» Supplied material
_ _ _ _
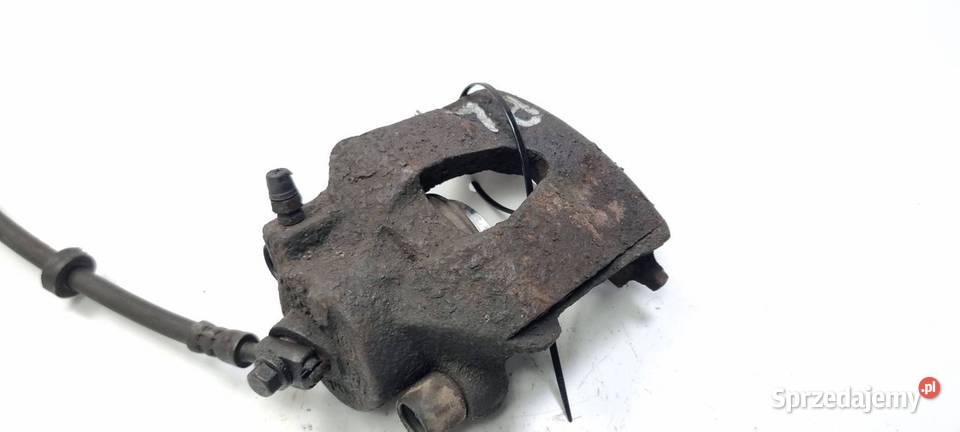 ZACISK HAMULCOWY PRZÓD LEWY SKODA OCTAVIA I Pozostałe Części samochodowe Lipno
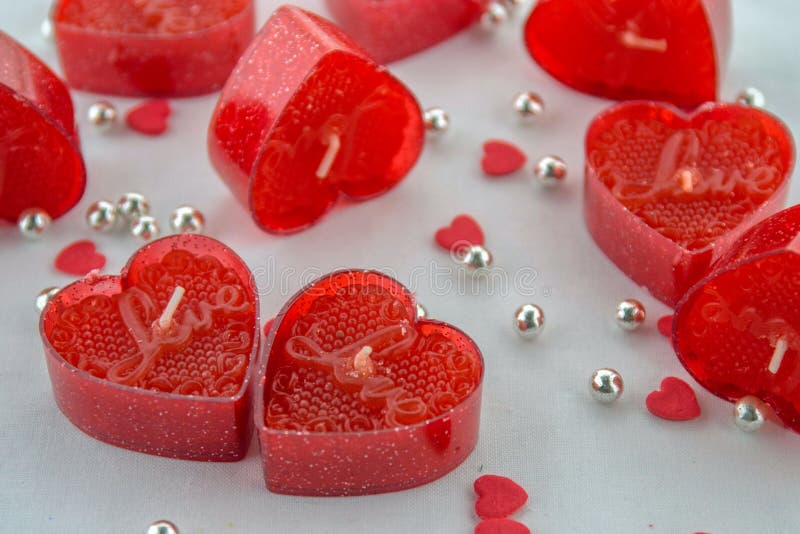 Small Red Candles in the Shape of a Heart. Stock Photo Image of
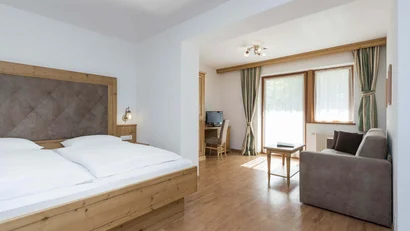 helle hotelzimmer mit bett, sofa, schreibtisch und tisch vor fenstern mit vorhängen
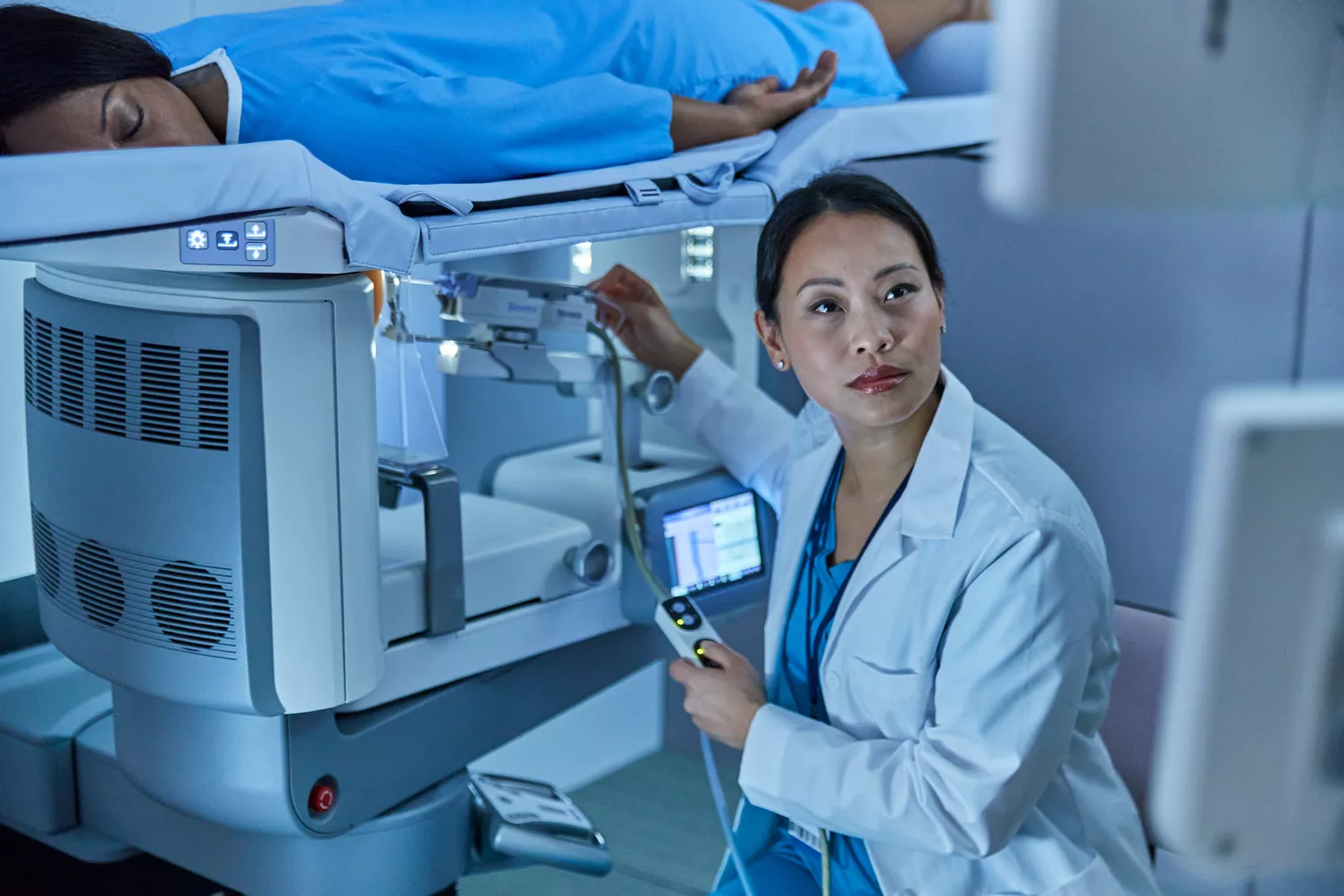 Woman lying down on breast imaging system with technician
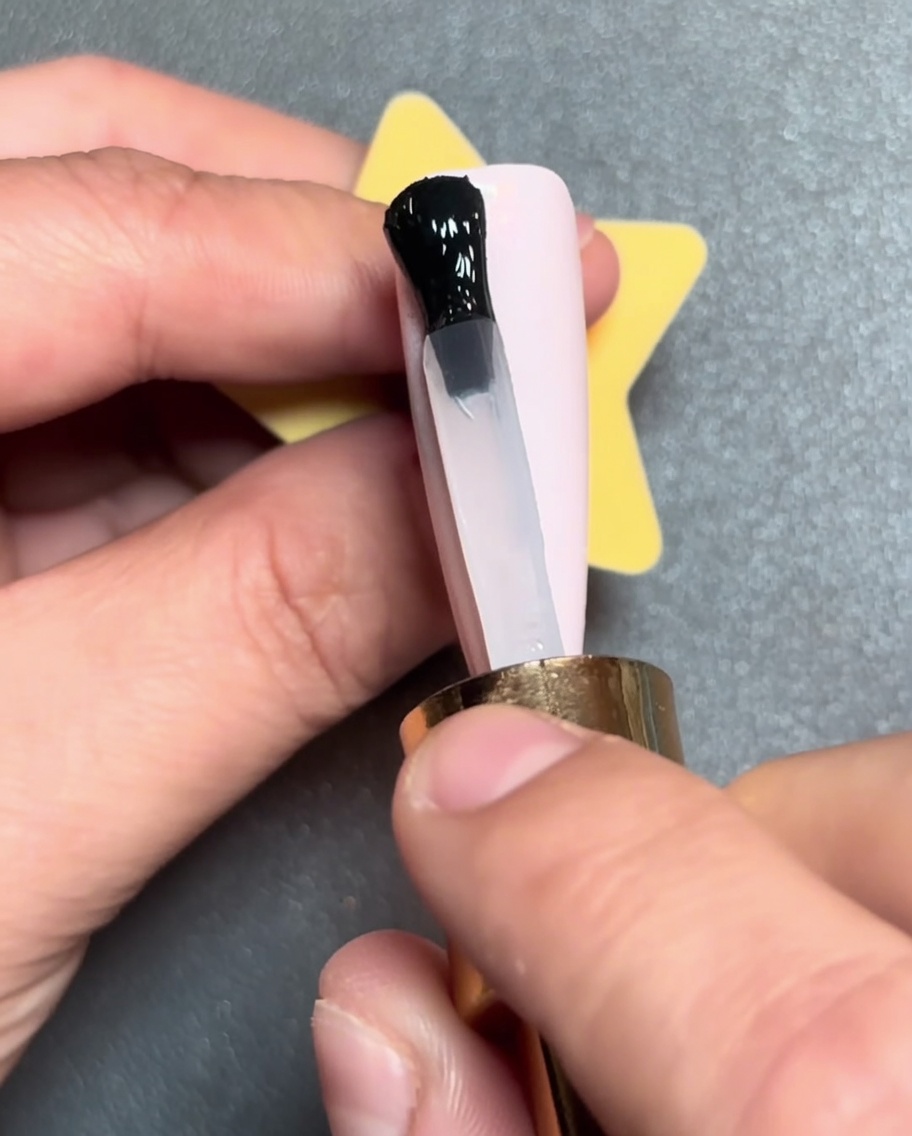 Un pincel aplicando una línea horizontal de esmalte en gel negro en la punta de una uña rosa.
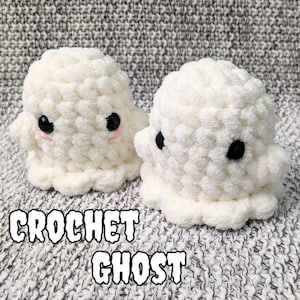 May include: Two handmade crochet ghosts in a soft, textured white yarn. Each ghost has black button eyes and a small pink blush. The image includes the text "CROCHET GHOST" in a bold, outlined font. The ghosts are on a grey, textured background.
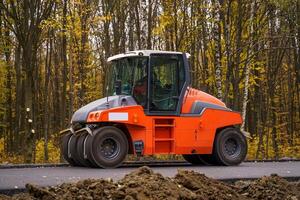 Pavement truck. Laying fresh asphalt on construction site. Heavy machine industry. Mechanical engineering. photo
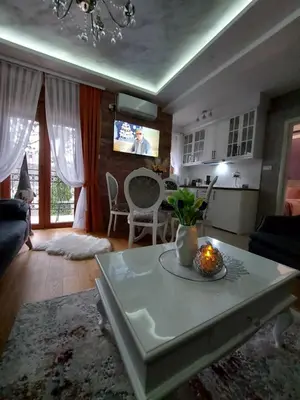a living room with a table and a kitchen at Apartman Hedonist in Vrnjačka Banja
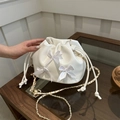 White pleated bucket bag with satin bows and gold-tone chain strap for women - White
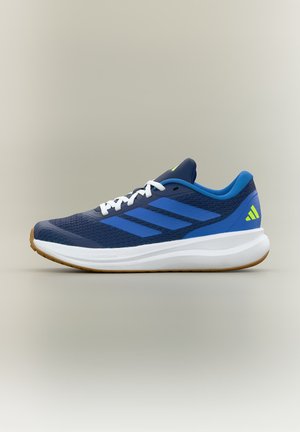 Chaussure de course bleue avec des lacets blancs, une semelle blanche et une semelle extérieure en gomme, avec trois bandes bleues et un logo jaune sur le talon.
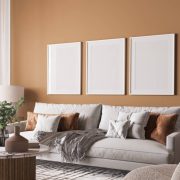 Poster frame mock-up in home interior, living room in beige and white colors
_ _ _ _
» Task instructions
Nothing but the lines from the one with "May include: Two" to the one with "White pleated bucket" above, both included, should be transcribed, exactly and without pictures.

» Written answer
 May include: Two handmade crochet ghosts in a soft, textured white yarn. Each ghost has black button eyes and a small pink blush. The image includes the text "CROCHET GHOST" in a bold, outlined font. The ghosts are on a grey, textured background.
 Pavement truck. Laying fresh asphalt on construction site. Heavy machine industry. Mechanical engineering. photo
a living room with a table and a kitchen at Apartman Hedonist in Vrnjačka Banja
 White pleated bucket bag with satin bows and gold-tone chain strap for women - White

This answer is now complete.